▶ _What the task asks_
Your output should consist solely of the lines from the one with "NWT Set of 10" through the end of the records, reproduced exactly, both ends included.

Dataset items

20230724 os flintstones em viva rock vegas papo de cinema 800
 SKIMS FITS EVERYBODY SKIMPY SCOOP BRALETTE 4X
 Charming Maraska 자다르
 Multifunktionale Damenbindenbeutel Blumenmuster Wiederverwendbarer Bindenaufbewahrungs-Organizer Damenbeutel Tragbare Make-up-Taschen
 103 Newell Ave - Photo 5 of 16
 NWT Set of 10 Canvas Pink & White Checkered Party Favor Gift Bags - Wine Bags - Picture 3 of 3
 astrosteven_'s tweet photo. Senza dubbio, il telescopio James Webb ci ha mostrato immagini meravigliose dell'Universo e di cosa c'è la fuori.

▶ _The completed task_
 NWT Set of 10 Canvas Pink & White Checkered Party Favor Gift Bags - Wine Bags - Picture 3 of 3
 astrosteven_'s tweet photo. Senza dubbio, il telescopio James Webb ci ha mostrato immagini meravigliose dell'Universo e di cosa c'è la fuori.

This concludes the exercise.